Fourier transform of $\frac{1}{\sqrt{1 + x^2}}$

As already stated it depends upon how you really define the Fourier transform. If you define it as an improper integral the question becomes non-trivial (otherwise it is just Plancherel). For $n\geq 1$ let $$ f_n(x) = f(x)\; {\rm \bf 1}_{[-n,n]}(x) = \frac{1}{\sqrt{1+x^2}} {\rm \bf 1}_{[-n,n]}(x) $$ where ${\rm \bf 1}_{[-n,n]}$ is the indicator function for the interval $[-n,n]$. Then $f_n$ is in both $L^1\cap L^2$ and the Fourier transform $$ \hat{f}_n(t) = \int_{-n}^n \frac{e^{itx}}{\sqrt{1+x^2}} dx $$ converges for every $t\neq 0$. This follows from partial integration: $$ \hat{f}_n(t) = \left[ \frac{e^{itx}}{it\sqrt{1+x^2}} \right]_{-n}^n + \int_{-n}^n \frac{\sin(tx)}{t} \frac{x}{\sqrt{1+x^2}^3} dx . $$ As $n\rightarrow \infty$, the first term goes to zero and the latter converges absolutely. Thus, you may define $\hat{f}(t)=\lim_n \hat{f}_n(t)$ for every $t\neq 0$ and the question is then if $\hat{f}\in L^2$?

The answer is yes: First note, that $f_n \rightarrow f$ in $L^2$ so $(f_n)_{n\geq 1}$ is Cauchy in $L^2$.

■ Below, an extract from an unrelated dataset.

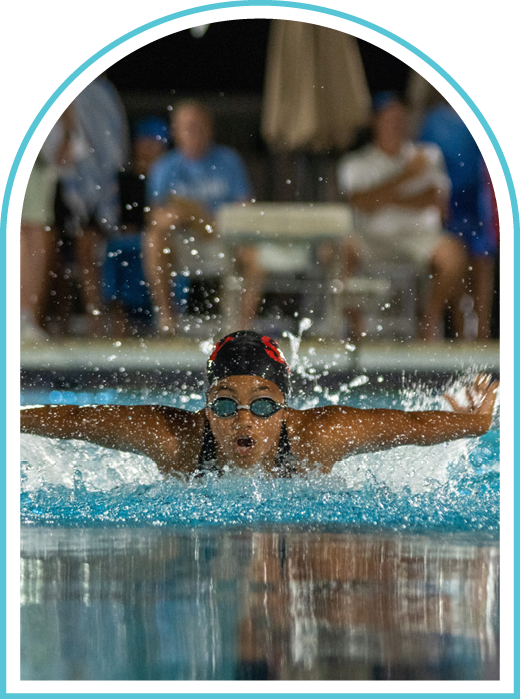Swimmer doing butterfly stroke in pool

By Plancherel $\|\hat{f}_n-\hat{f}_m\|_2 = \|f_n-f_m\|_2$, so $(\hat{f}_n)_{n\geq 1}$ is also Cauchy in $L^2$, whence converges in $L^2$ to some function $g$.

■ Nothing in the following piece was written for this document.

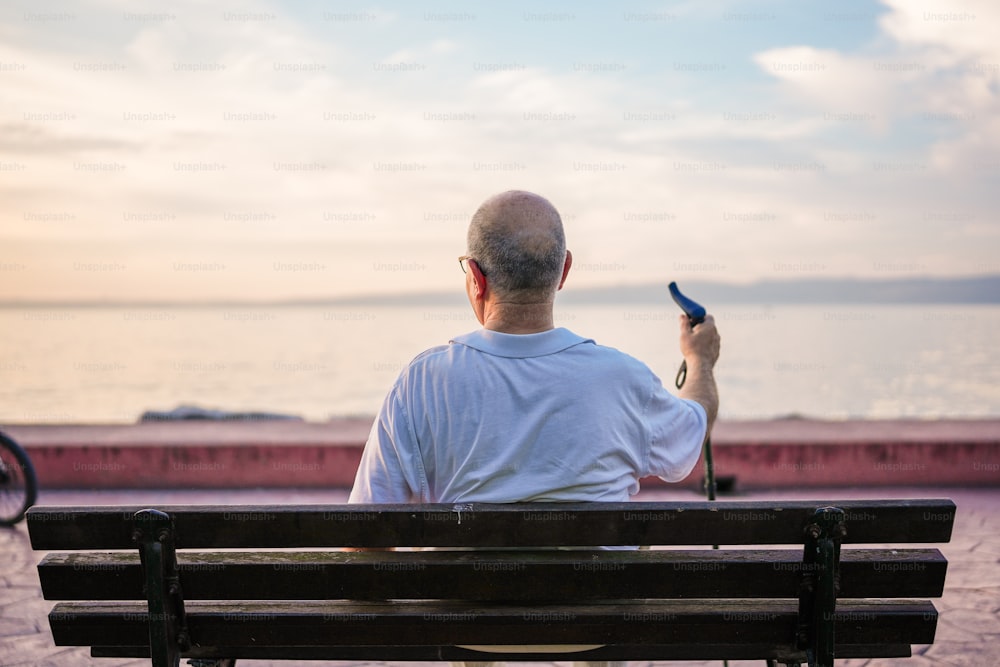 um homem sentado em um banco com um celular na mão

Any convergent sequence in $L^2$ has, however, a subsequence that converges a.e. and we already know that for $t\neq 0$ (i.e. a.e.) the limit is $\hat{f}(t)$, so $\hat{f}=g$ (mod 0) is in $L^2$

Answering confusion in the comments about the Plancherel theorem:

A rough version of the theorem is

$\hat f\in L^2(\mathbb R)$ if and only if $f\in L^2(\mathbb R)$.

That's true, but it really needs to be stated more carefully. Because for example it's not clear what $\hat f$ even means given just $f\in L^2$. A more careful version starts here:

If $f\in L^1\cap L^2$ then $\hat f\in L^2$ and $\lVert\hat f\rVert_2=\lVert f\rVert_2$.

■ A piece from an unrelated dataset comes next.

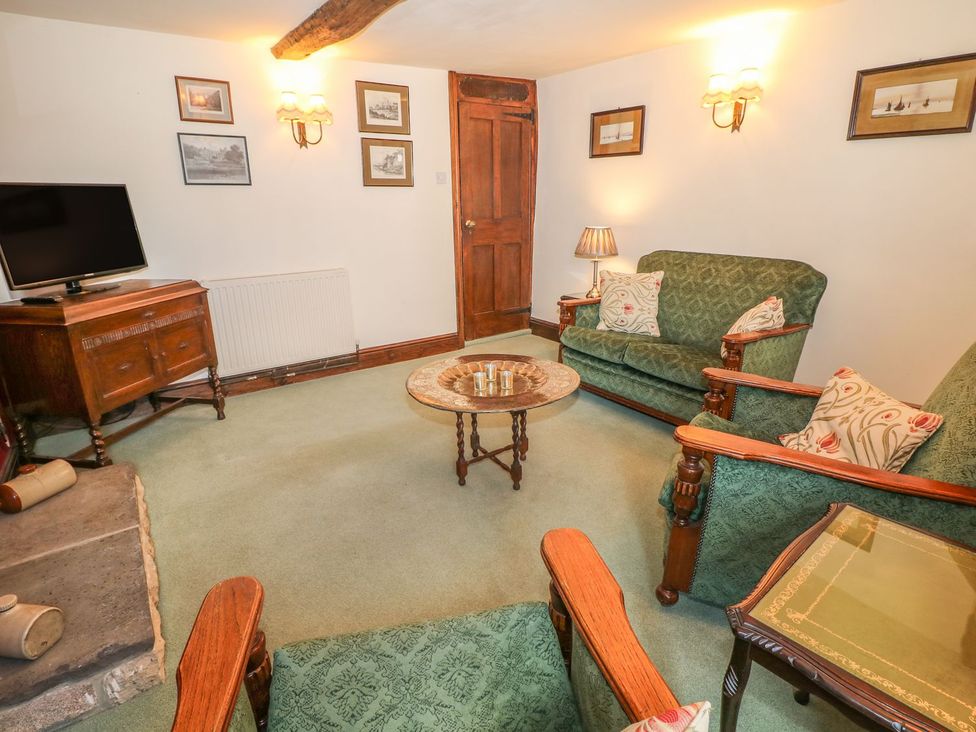 A living room with a television and seating area at Little Bargate in Castleton, Peak District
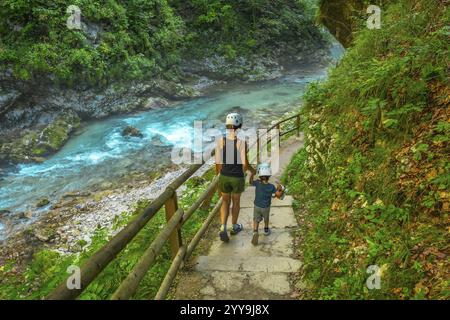 Touristen, die Helme tragen, genießen einen Sommerspaziergang entlang des atemberaubenden türkisfarbenen Flusses radovna, der durch die vintgar-Schlucht in der Nähe von Bled, slowenien fließt Stockfoto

There there's no problem with the definition of $\hat f$, since $f\in L^1$. $\newcommand{\ft}{\mathcal F}$ At this point it's convenient to introduce the notation

$$\ft f=\hat f.$$

Now $\ft$ is defined on a dense subspace of $L^2$ and $\ft$ is an isometry (in the $L^2$ norm) on that dense subspace. Hence $\ft$ extends to an isometry $\ft:L^2\to L^2$. When people talk about $\hat f$ for $f\in L^2$ they're referring to that extension. (And now we're done with the problem in the question: Since $f\in L^2$ it follows that $\hat f\in L^2$.)

It follows easily that $\ft$ is its own inverse, almost:

If $f\in L^2$ then $\ft^2f(t)=f(-t)$.

Proof: The $L^1$ inversion theorem shows that this holds for, say, $f$ in the Schwartz space. Since the Schwartz space is dense and $\ft$ is continuous on $L^2$ (as is the operator $f(t)\mapsto f(-t)$) it holds for all $f\in L^2$.

In particular $\ft$ maps $L^2$ onto $L^2$: that is, $\ft$ is an isometric isomorphism, which is to say $\ft$ is unitary. (And in fact $\ft^4=I$, which leads easily to a decomposition of $L^2$ into four eigenspaces...)